Marcia Angell makes it plain:
The fact that drug companies pay prescribers to be “educated” underscores the true nature of the transaction. Students generally pay teachers, not the reverse. The real intent is to influence prescribing habits, through selection of the information provided and through the warm feelings induced by bribery. Prescribers join in the pretence that drug companies provide education because it is lucrative to do so. Even free samples are meant to hook doctors and patients on the newest, most expensive drugs, when older drugs — or no drug at all — might be better for the patient.
This is from an essay in a special issue of BMJ dedicated to the relationship between pharma and doctors. In another essay, BMJ editor Fiona Godlee takes doctors to task for consenting to the huge influence pharma has had on medical research and practice. She starts with a quote from health services researchers and Cochrane Collaboration co-founder Iain Chalmers:
“I do not blame industry for trying to get away with anything that is normally considered to be its primary purpose, which is to make profits and look after its shareholders’ interests. It is our profession that has colluded in all of this and been prepared to go along with it–we are the people to blame because we need not have stood for it.”
By “all of this” I assume Chalmers means the many ways in which drugs are promoted in the guise of science, education, and information: the misreporting of industry funded research, the use of ghost writers and key opinion leaders, the provision of free courses and conferences. His words echo Suzanne Fletcher’s in the BMJ last year (2008;337:a1023, doi:10.1136/bmj.a1023). For these practices to flourish, doctors have had to at least acquiesce, if not actively take part, as researchers, guest authors, paid opinion leaders, and recipients of gifts and hospitality.

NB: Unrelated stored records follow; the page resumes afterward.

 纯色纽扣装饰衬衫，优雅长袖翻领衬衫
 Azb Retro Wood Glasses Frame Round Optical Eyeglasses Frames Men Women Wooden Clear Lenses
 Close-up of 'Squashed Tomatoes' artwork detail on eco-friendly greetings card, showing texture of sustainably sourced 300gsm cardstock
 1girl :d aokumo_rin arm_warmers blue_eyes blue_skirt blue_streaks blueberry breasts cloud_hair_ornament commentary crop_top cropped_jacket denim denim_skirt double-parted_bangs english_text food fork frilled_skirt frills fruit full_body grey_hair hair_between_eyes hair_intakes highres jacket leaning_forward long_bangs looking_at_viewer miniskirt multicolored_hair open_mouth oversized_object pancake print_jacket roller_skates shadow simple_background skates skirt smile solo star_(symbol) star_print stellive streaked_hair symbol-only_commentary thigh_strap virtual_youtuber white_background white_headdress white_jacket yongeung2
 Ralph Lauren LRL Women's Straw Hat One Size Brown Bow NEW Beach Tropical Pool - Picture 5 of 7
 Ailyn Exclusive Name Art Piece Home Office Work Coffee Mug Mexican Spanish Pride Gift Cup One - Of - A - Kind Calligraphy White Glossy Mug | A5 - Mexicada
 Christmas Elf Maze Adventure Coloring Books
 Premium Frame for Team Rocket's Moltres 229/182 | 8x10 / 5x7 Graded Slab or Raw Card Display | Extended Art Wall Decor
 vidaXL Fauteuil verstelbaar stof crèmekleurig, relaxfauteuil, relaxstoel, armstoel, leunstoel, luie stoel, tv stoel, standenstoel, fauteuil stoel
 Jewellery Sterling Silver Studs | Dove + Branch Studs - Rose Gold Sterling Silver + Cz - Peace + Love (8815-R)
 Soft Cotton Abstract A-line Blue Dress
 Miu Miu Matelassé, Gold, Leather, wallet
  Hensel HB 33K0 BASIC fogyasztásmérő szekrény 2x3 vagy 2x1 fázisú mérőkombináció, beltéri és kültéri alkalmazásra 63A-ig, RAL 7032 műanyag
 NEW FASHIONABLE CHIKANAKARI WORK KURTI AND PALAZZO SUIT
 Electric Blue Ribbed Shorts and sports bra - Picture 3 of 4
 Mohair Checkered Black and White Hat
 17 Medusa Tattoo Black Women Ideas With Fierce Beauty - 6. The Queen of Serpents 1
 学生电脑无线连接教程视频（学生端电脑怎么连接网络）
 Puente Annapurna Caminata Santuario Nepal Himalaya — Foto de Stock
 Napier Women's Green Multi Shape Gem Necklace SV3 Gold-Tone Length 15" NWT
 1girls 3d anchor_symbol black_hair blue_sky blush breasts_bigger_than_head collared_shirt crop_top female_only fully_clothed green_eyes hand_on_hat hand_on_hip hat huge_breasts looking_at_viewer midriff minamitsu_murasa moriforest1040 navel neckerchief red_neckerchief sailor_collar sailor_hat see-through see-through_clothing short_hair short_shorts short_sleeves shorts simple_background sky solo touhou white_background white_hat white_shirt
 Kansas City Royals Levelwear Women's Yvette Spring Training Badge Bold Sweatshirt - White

As our cover image shows, it takes two to tango. It’s time for the profession to take a lead. This means saying no to gifts and hospitality, ensuring that research and clinical collaborations are transparent and unbiased in their design and reporting, refusing to be a guest or ghost author, declining the role of paid opinion leader, paying our way for information and education, and refusing industry support unless it is entirely transparent and in patients’ or the public’s best interests.
Some thoughtful, well-informed examinations of the troubled spot medicine and many doctors feel themselves in right now. Many of the essays are, refreshingly, free.